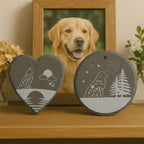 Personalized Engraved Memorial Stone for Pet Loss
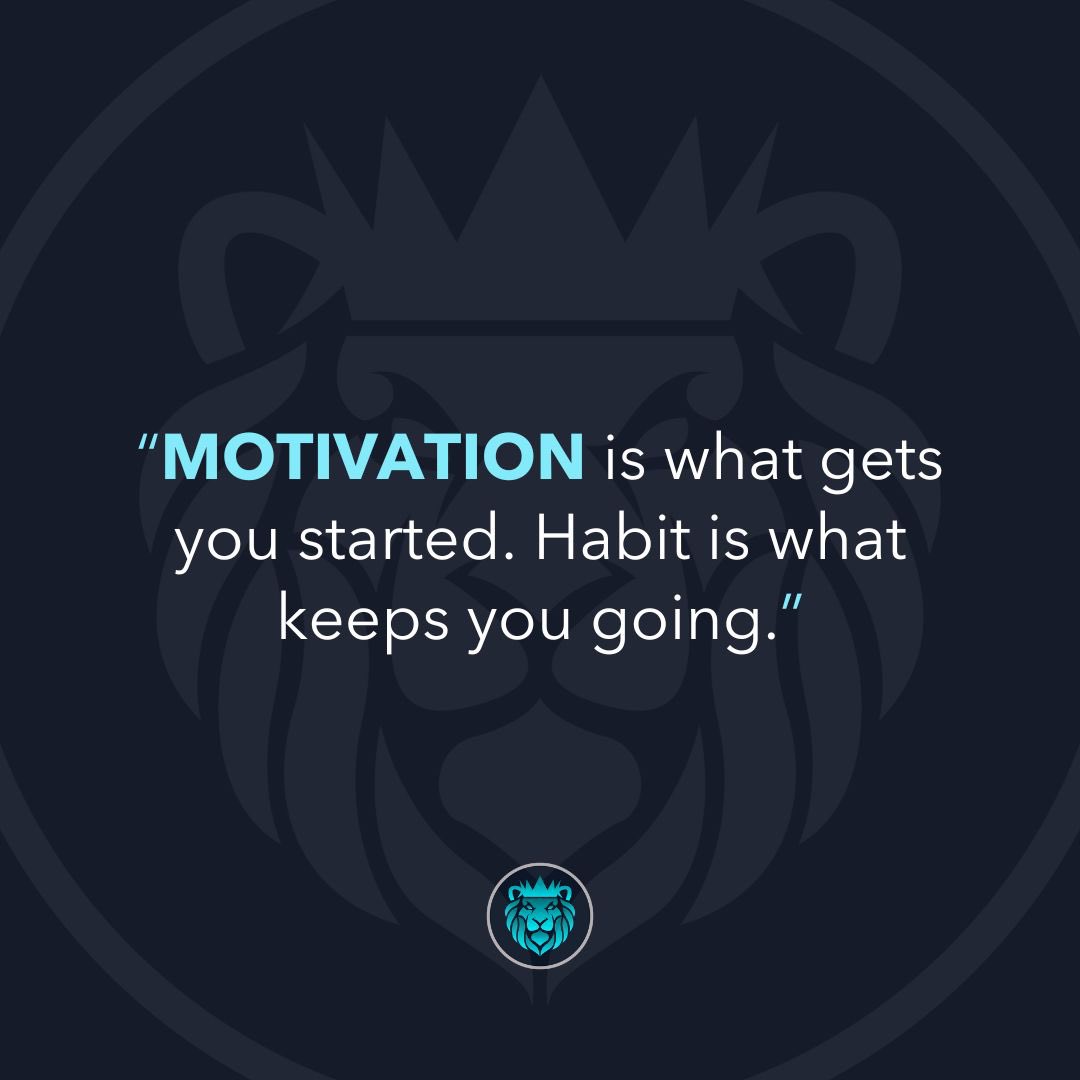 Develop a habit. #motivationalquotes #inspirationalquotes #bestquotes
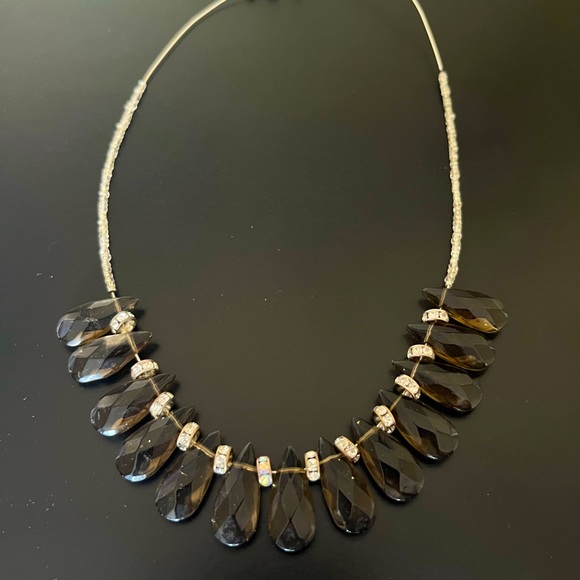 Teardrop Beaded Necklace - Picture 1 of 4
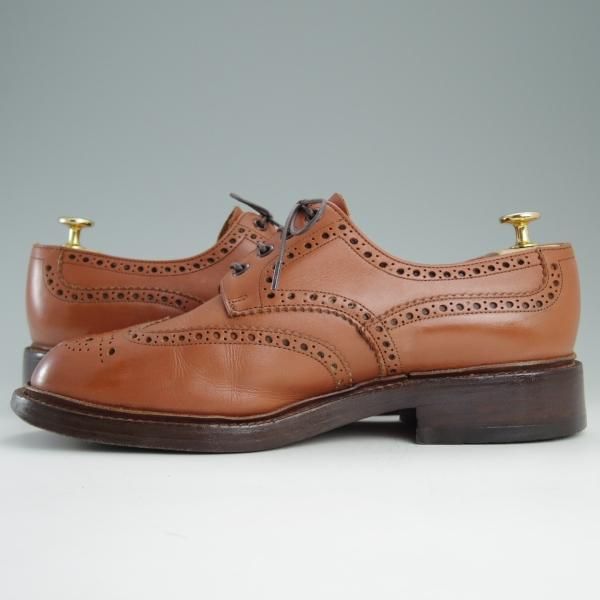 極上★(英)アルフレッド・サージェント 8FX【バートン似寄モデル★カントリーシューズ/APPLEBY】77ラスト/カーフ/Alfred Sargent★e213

## What you have to do
Repeat the listing above exactly, omitting the pictures it contains.

## Task response
 Personalized Engraved Memorial Stone for Pet Loss
 Develop a habit. #motivationalquotes #inspirationalquotes #bestquotes
 Teardrop Beaded Necklace - Picture 1 of 4
 極上★(英)アルフレッド・サージェント 8FX【バートン似寄モデル★カントリーシューズ/APPLEBY】77ラスト/カーフ/Alfred Sargent★e213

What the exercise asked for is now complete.